Structured data file — JSON or CSV matching the target schema with one record per logical entity
Extraction metadata — source filename, page count, extraction timestamp, toolchain used
Field-level confidence scores — numeric confidence (0.0–1.0) for each extracted field
Quality report — completeness percentage, count of low-confidence fields, list of missing required fields
Error log — rows or fields that failed validation, with source location (page number, line number)

References

pdfplumber documentation — https://github.com/jsvine/pdfplumber
python-docx documentation — https://python-docx.readthedocs.io/
spaCy NER pipeline — https://spacy.io/usage/linguistic-features#named-entities
JSON Schema specification — https://json-schema.org/

Related skills

```
pdf-extraction
```
— for PDF-specific text and table extraction with layout awareness
```
table-extraction
```
— for focused table detection and extraction from any document type
```
csv-ready
```
— for formatting extracted data as well-formed CSV output
```
image-heavy-pdfs
```
— for OCR preprocessing of scanned documents before structured extraction

Anti-patterns

Extracting without a target schema — produces unstructured key-value dumps that are unusable downstream.
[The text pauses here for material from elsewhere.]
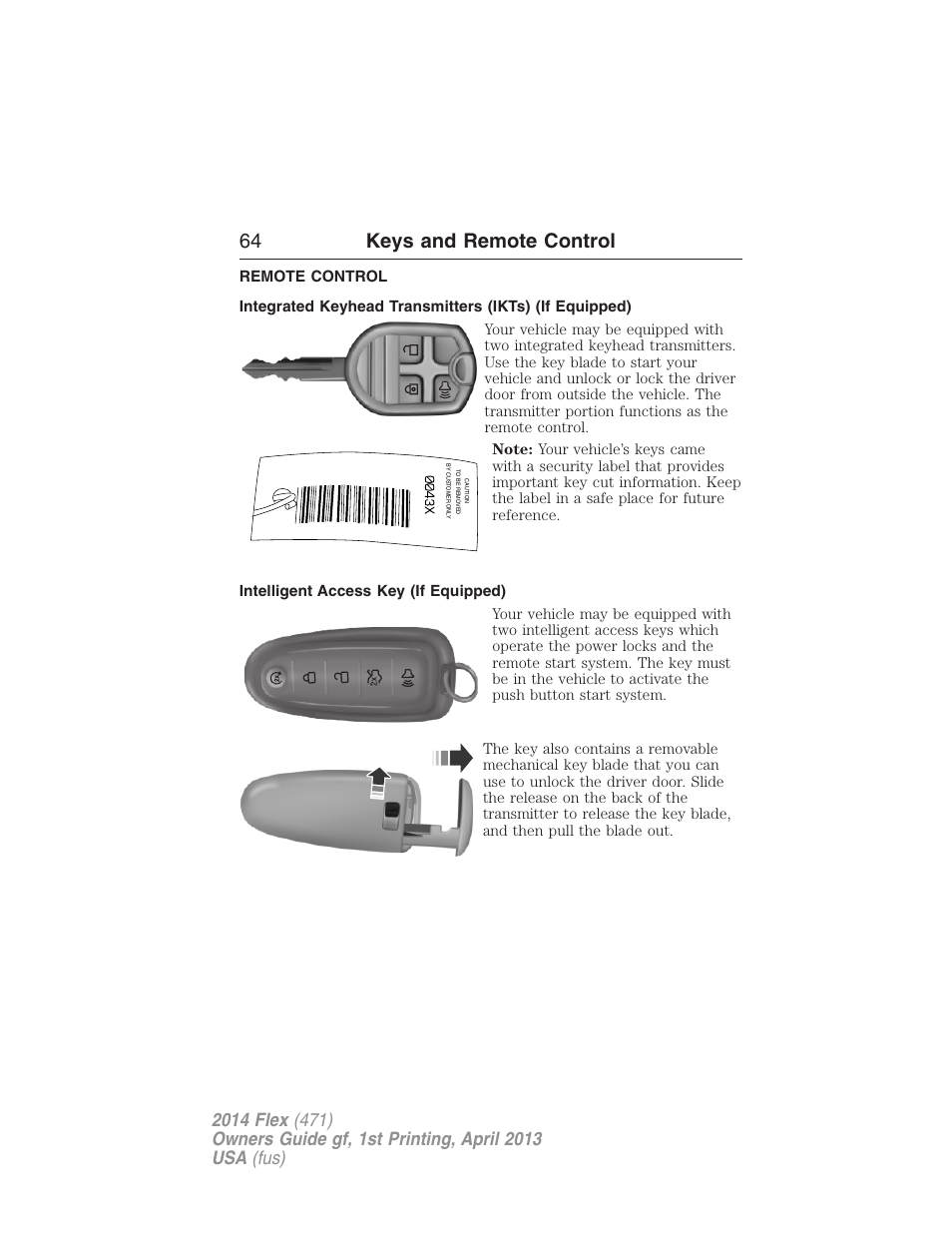 Remote control, Intelligent access key (if equipped), Keys | 64 keys and remote control | FORD 2014 Flex v.1 User Manual | Page 65 / 554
Always define the schema first.
Treating all PDFs as text-native — scanned PDFs return empty text; detect this and redirect to OCR.
Ignoring table detection — extracting table content as plain text loses column relationships.
Hardcoding page positions — field positions shift between document versions; use content-based anchors (nearby labels) not coordinates.
Silently dropping low-confidence extractions — downstream consumers cannot distinguish "not found" from "not attempted."

Failure handling

If the document format is unrecognized, attempt plain-text extraction as a fallback and log the format detection failure.
If table detection produces zero tables in a document known to contain them, fall back to coordinate-based grid detection and retry with stricter parameters.
If entity extraction confidence is below 50% for a majority of fields, flag the document for manual review and output partial results with explicit
```
needs_review
```
markers.
If the document is password-protected, report the error immediately and do not attempt brute-force decryption.
If extraction toolchain dependencies are missing, list the required packages with install commands and halt.